A new survey for Alcohol Focus Scotland and Alcohol Change UK revealed that 27% of Scots reported drinking more then usual since late March, increasing to 33% among those who were already heavy drinkers (defined as drinking seven or more units on a single occasion).
Dealing with stress was cited by around one fifth of all respondents as a reason for drinking, rising to 51% among those who are drinking more than usual. Almost half (48%) of this group admitted the were concerned about their alcohol consumption.
Meanwhile, almost one fifth of all respondents (18%) reported feeling concerned about the amount a friend or family member is drinking during lockdown.
More than half (54%) of those who reported drinking more than usual during lockdown have already taken steps to manage their drinking, and 59% plan to do so once lockdown eases. Almost two-fifths (37%) of those drinking more than usual expect to drink less as pubs and restaurants reopen, however a quarter (24%) expect their drinking to increase further at this time.
Alison Douglas, chief executive of Alcohol Focus Scotland said: “While it is encouraging to hear that people who have been drinking more during lockdown are planning to take action to reduce their intake, it can be hard to change habits once they are established.
“Stress was identified as a key factor for many and unfortunately these stresses aren’t necessarily going to go away with the easing of lockdown restrictions.
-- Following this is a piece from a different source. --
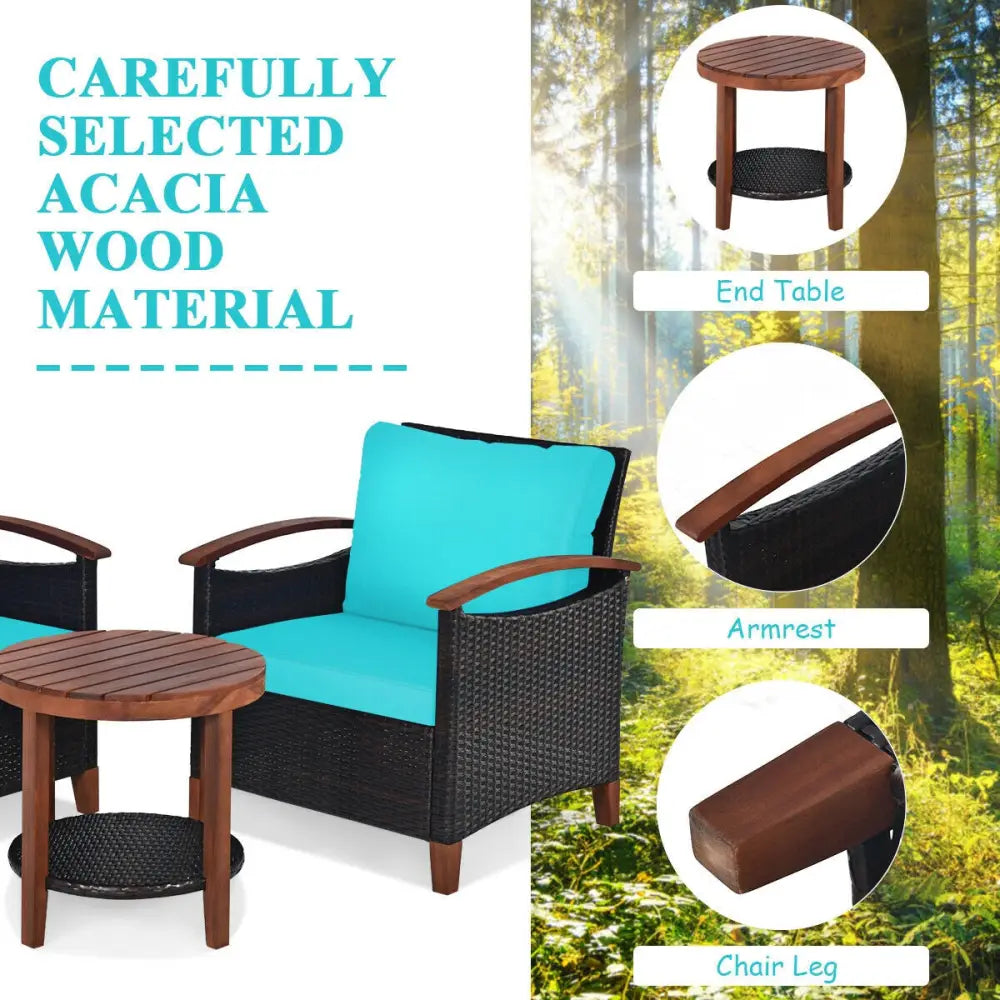 3 Pcs Solid Wood Frame Patio Rattan Furniture Set-Turquoise - Turquoise - Patio Conversation Sets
Many people are worrying about going back to work, their children returning to school, or concerned about using public transport. Some may not have a job to return to, creating additional uncertainty at an already difficult time.
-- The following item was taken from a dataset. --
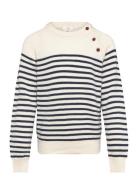 Copenhagen Colors Merino Classic Striped Pullover Kräm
“It can be tempting to have a drink to ‘take the edge off’ our worries but alcohol is a depressant that can increase our anxiety and disrupt our sleep, making it more difficult to deal with stress. Our alcohol use may become part of the problem, taking a toll on our mental and physical health and damaging our relationships.”
The charity is now calling for increased provision of alcohol services across Scotland to ensure help is available to anyone who needs it.
Ms Douglas added: “Alongside adequate service provision it is crucial that our national recovery effort builds on the good work we have started in addressing Scotland’s unhealthy relationship with alcohol. By addressing how readily available alcohol is and how heavily it is marketed we can improve the lives of thousands of Scots by preventing problems developing in the first place.”
Scottish Families Affected by Alcohol and Drugs, who provide support for anyone concerned about someone else’s drinking or drug use, said they have seen a four-fold increase in people contacting their helpline since the beginning of lockdown. The number of calls from people concerned about family members’ drinking has also risen by 56% over this period.
Chief executive Justina Murray said: “Lockdown has brought tremendous pressures on families affected by their loved ones drinking, with alcohol consumption increasing, consumption within the home increasing, and many of the usual support mechanisms not available to families during this period.”